Content starts

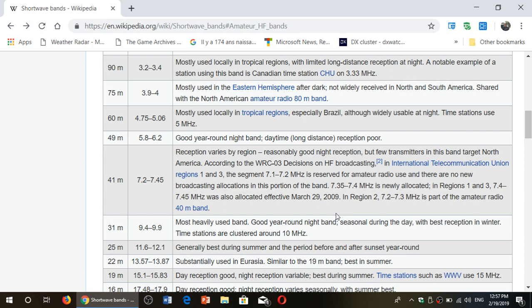It's also nice because here you get a sense of what times of day might be best for these international broadcast bands. Typically, upper bands are daytime bands and lower bands are nighttime bands. There are a few bands that are kind of 24 hours, and there are exceptions to the rules, as always. That's part of the complexity but also the fun part of learning about shortwave radio.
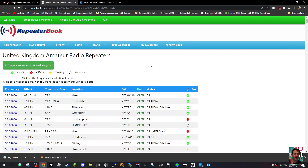That's as far as I'm going to go with it today. I just wanted to show you that you can do that, and in future videos I'll actually be using the different imports you can get from Repeater Book to program your radio. Thanks for watching my channel — 73, catch you all, all the best.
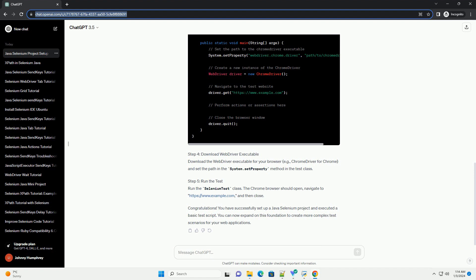Step 4: Download WebDriver executable. Download the WebDriver executable for your browser, e.g., ChromeDriver for Chrome, and set the path in the system.setProperty method in the test class.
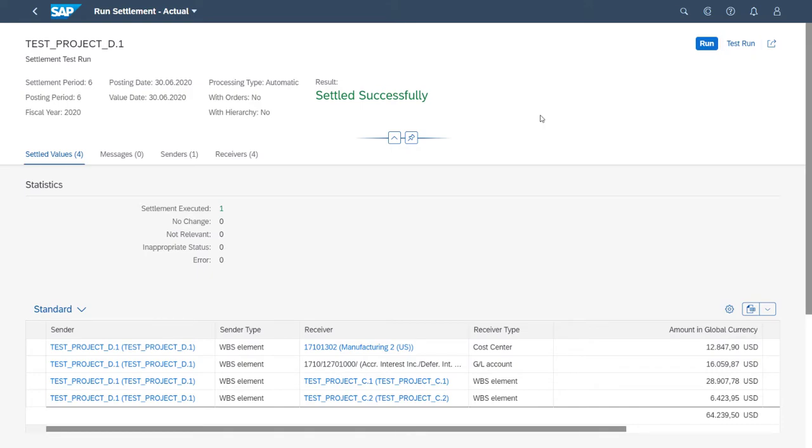Or, if we're satisfied with our test run results, we can start the update run and post financial documents accordingly. Since our test run results were accurate, we'll go ahead and start the update run by choosing Run.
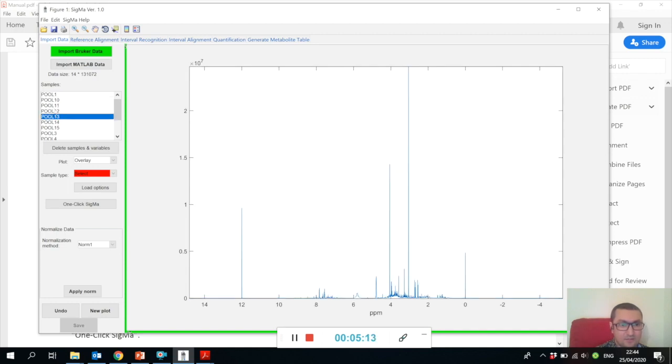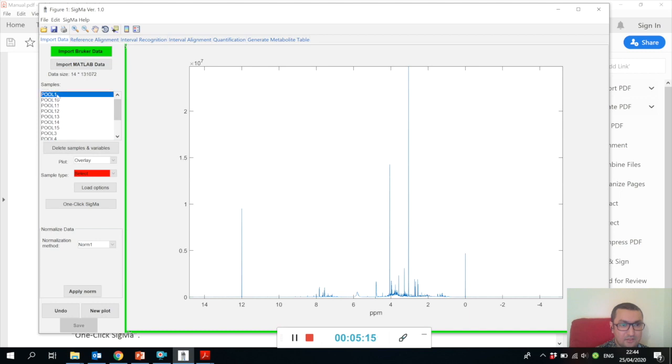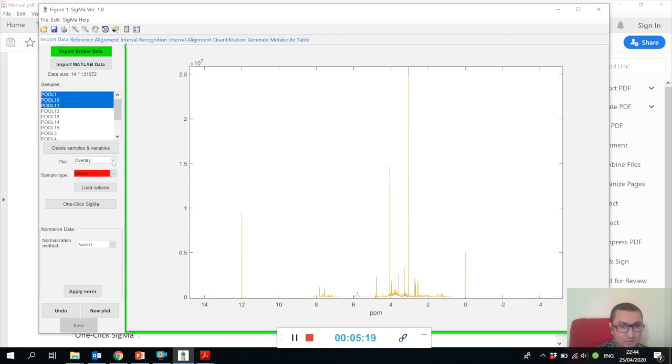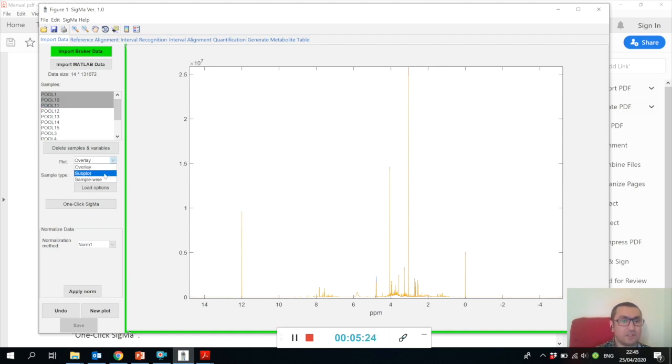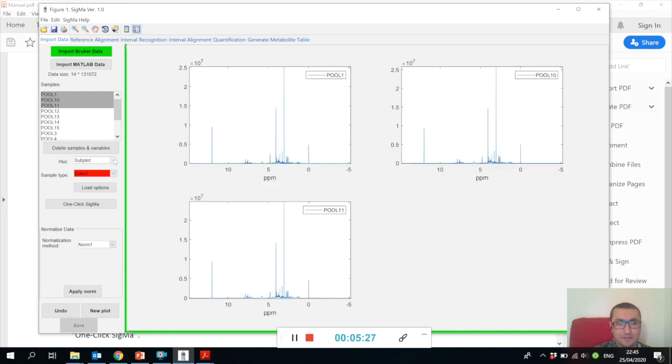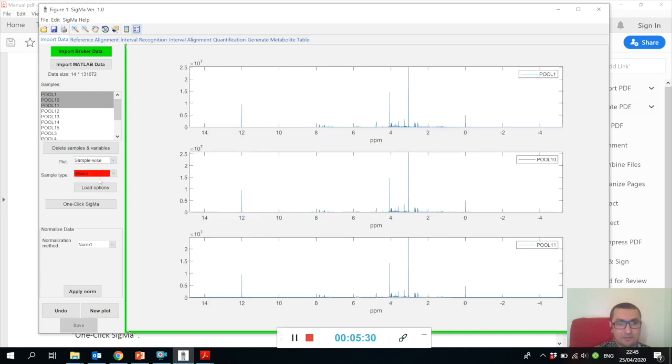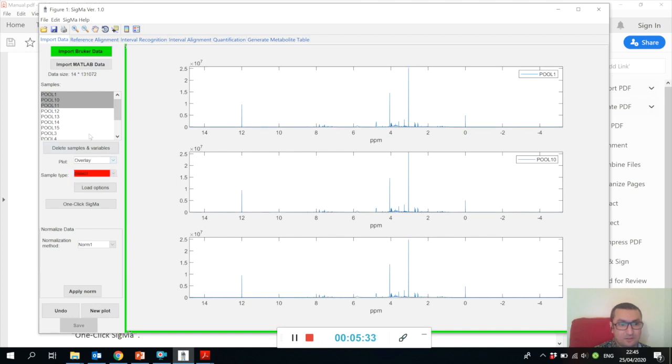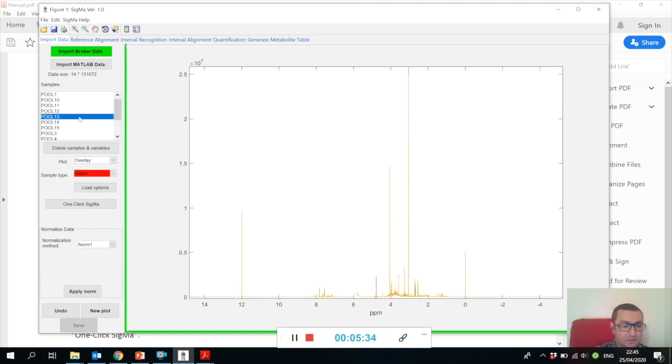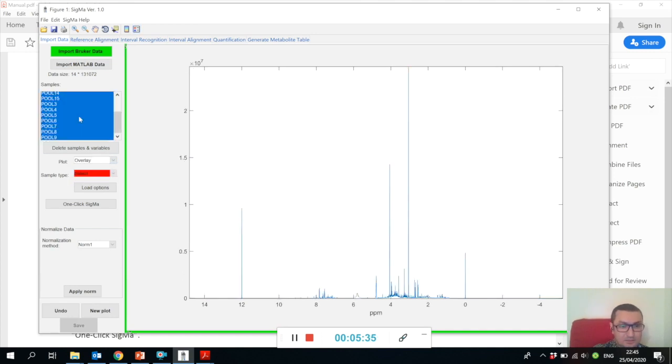You can select a few samples and here we have plot options. You can either look at all the plots superimposed, or you can do a subplot. You can even do sample-wise plots like this, and you can look at all the samples simultaneously.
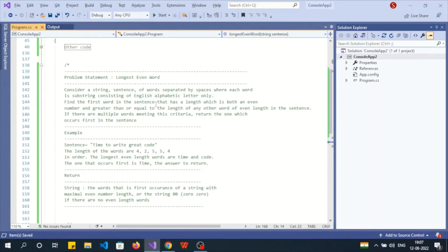Hello guys, welcome back to my YouTube channel. This is Akhil and you are watching CodeCVDance. Today I come up with a new HackerRank problem which you will not find in the practice test but it usually comes in the examinations, so I thought to solve this problem for you.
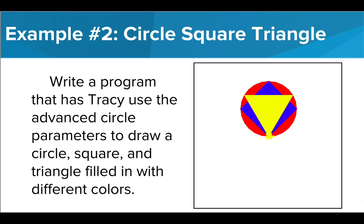So we're going to draw a circle, triangle, and square from the same starting point. They all need to be filled in with different colors.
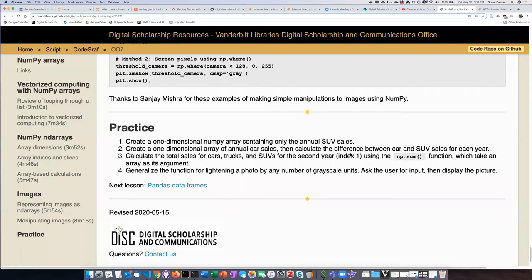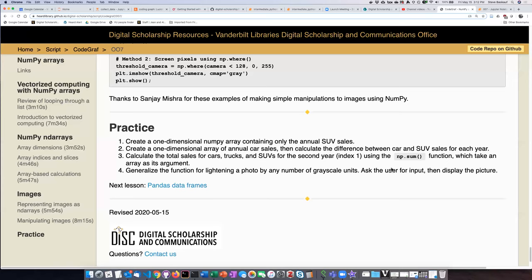Alright, the last practice problem is the most difficult one. So we're going to pretend we're writing Photoshop and we want to allow the user to lighten up their photo by any amount that they want. In a real application we'd probably have a slider, but since we don't know how to code that, we'll just ask the user for input - how many grayscale units they want to increase the brightness by - and then we'll display the picture.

Content ends

## Task to carry out
Except for the pictures, give all the material above again verbatim.

## Response to the task
It's also nice because here you get a sense of what times of day might be best for these international broadcast bands. Typically, upper bands are daytime bands and lower bands are nighttime bands. There are a few bands that are kind of 24 hours, and there are exceptions to the rules, as always. That's part of the complexity but also the fun part of learning about shortwave radio.
That's as far as I'm going to go with it today. I just wanted to show you that you can do that, and in future videos I'll actually be using the different imports you can get from Repeater Book to program your radio. Thanks for watching my channel — 73, catch you all, all the best.
Step 4: Download WebDriver executable. Download the WebDriver executable for your browser, e.g., ChromeDriver for Chrome, and set the path in the system.setProperty method in the test class.
Or, if we're satisfied with our test run results, we can start the update run and post financial documents accordingly. Since our test run results were accurate, we'll go ahead and start the update run by choosing Run.
You can select a few samples and here we have plot options. You can either look at all the plots superimposed, or you can do a subplot. You can even do sample-wise plots like this, and you can look at all the samples simultaneously.
Hello guys, welcome back to my YouTube channel. This is Akhil and you are watching CodeCVDance. Today I come up with a new HackerRank problem which you will not find in the practice test but it usually comes in the examinations, so I thought to solve this problem for you.
So we're going to draw a circle, triangle, and square from the same starting point. They all need to be filled in with different colors.
Alright, the last practice problem is the most difficult one. So we're going to pretend we're writing Photoshop and we want to allow the user to lighten up their photo by any amount that they want. In a real application we'd probably have a slider, but since we don't know how to code that, we'll just ask the user for input - how many grayscale units they want to increase the brightness by - and then we'll display the picture.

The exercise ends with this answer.